I was excited to try PostHog's A/B testing feature.

I set up my experiment: "Create New Task" button vs "Add Task" button. Hypothesis: Clearer wording = more task creation.

Then I looked at my user count.

TaskFlow has... 3 users. Including me.

That's not enough for an A/B test. Not even close.

But let me show you how A/B testing works anyway, and when you should actually use it.

The Experiment I Wanted to Run

I wanted to test two variations of the task creation button:

Control (A): "Add Task" Test (B): "Create New Task"

Hypothesis: "Create New Task" is clearer and will lead to more task completions.

Goal metric: Task completion rate (users who click the button AND actually create a task)

Secondary metrics:

  • Button click rate

  • Time to first task creation

  • Task editing after creation

Sounds good, right?

Here's the problem...

Why TaskFlow Can't Run This Test Yet

A/B tests need statistical significance to be reliable.
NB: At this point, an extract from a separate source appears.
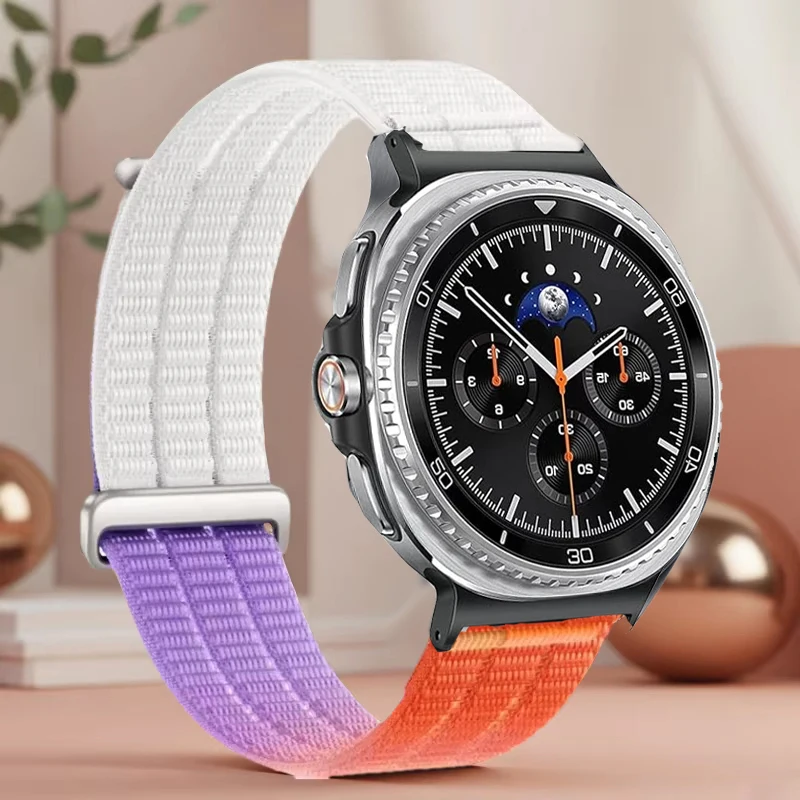Sport Nylon-Schlaufenarmband für Samsung Galaxy Watch Ultra 2025 47mm Armband für Galaxy 8 40mm 44mm/8Classic 46mm Handgelenksband
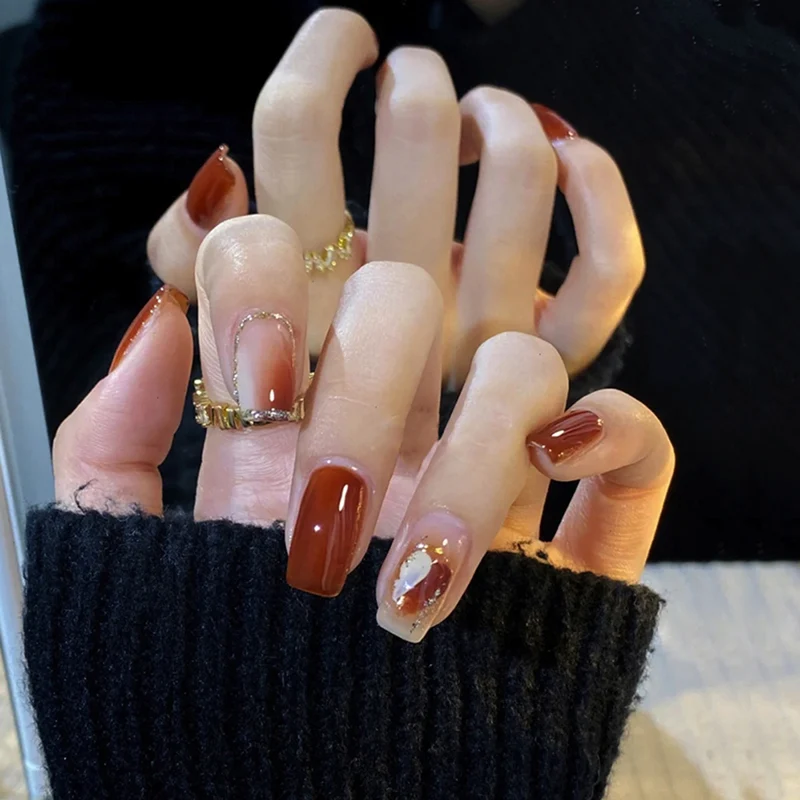 Elegant Press-On Nail Set with Sparkling Tip Accents Stornfield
PostHog's recommended sample size calculator told me the truth:

For my experiment:

  • Baseline conversion rate: ~60% (2 out of 3 users create tasks)

  • Minimum detectable effect: 20% improvement

  • Required sample size: ~200 users per variant

I need 400 total users.

I have 3.

That's 133x fewer users than needed.

If I ran this test with 3 users:

  • User 1 sees "Add Task" → creates task (100% conversion)

  • User 2 sees "Create New Task" → doesn't create task (0% conversion)

  • User 3 sees "Add Task" → creates task (100% conversion)

Result: "Add Task" wins! 100% vs 0%!

Reality: This means absolutely nothing. Sample size too small.

One user having a bad day skews everything.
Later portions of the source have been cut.